If you have early Stage I ovarian cancer, the extent of surgery may depend on whether you want to get pregnant and have children. Some women with very early ovarian cancer may decide with their doctor to have only one ovary, one fallopian tube, and the omentum removed.

You may be uncomfortable for the first few days after surgery. Medicine can help control your pain. Before surgery, you should discuss the plan for pain relief with your doctor or nurse. After surgery, your doctor can adjust the plan if you need more pain relief.

The time it takes to heal after surgery is different for each woman. You will spend several days in the hospital. It may be several weeks before you return to normal activities.

If you haven't gone through menopause yet, surgery may cause hot flashes, vaginal dryness, and night sweats. These symptoms are caused by the sudden loss of female hormones. Talk with your doctor or nurse about your symptoms so that you can develop a treatment plan together. There are drugs and lifestyle changes that can help, and most symptoms go away or lessen with time.

You may want to ask your doctor these questions about surgery:

  • What kind of surgery do you recommend for me? Will lymph nodes and other tissues be removed? Why?
  • How soon will I know the results from the pathology report? Who will explain them to me?
  • How will I feel after surgery?
  • If I have pain, how will it be controlled?
  • How long will I be in the hospital?
  • Will I have any long-term effects because of this surgery?
  • Will the surgery affect my sex life?

Chemotherapy

Chemotherapy uses anticancer drugs to kill cancer cells. Most women have chemotherapy for ovarian cancer after surgery. Some women have chemotherapy before surgery.

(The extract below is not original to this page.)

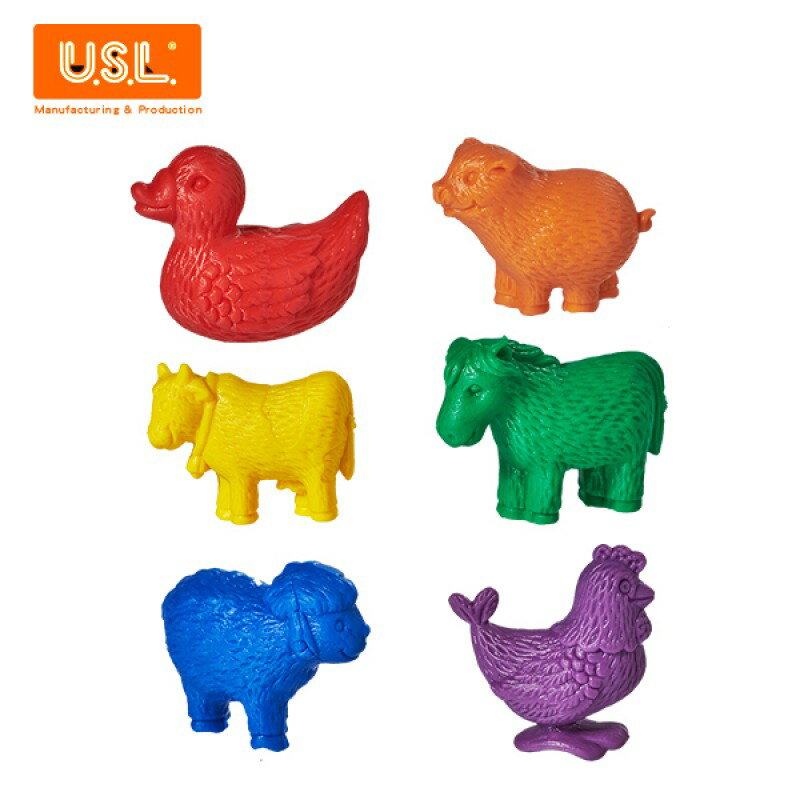 《台灣製USL遊思樂》教具 軟質農場動物模型組(6形,6色,72pcs) / 袋 東喬精品百貨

Usually, more than one drug is given. Drugs for ovarian cancer can be given in different ways:

  • By vein (IV): The drugs can be given through a thin tube inserted into a vein.
  • By vein and directly into the abdomen: Some women get IV chemotherapy along with intraperitoneal (IP) chemotherapy. For IP chemotherapy, the drugs are given through a thin tube inserted into the abdomen.
  • By mouth: Some drugs for ovarian cancer can be given by mouth.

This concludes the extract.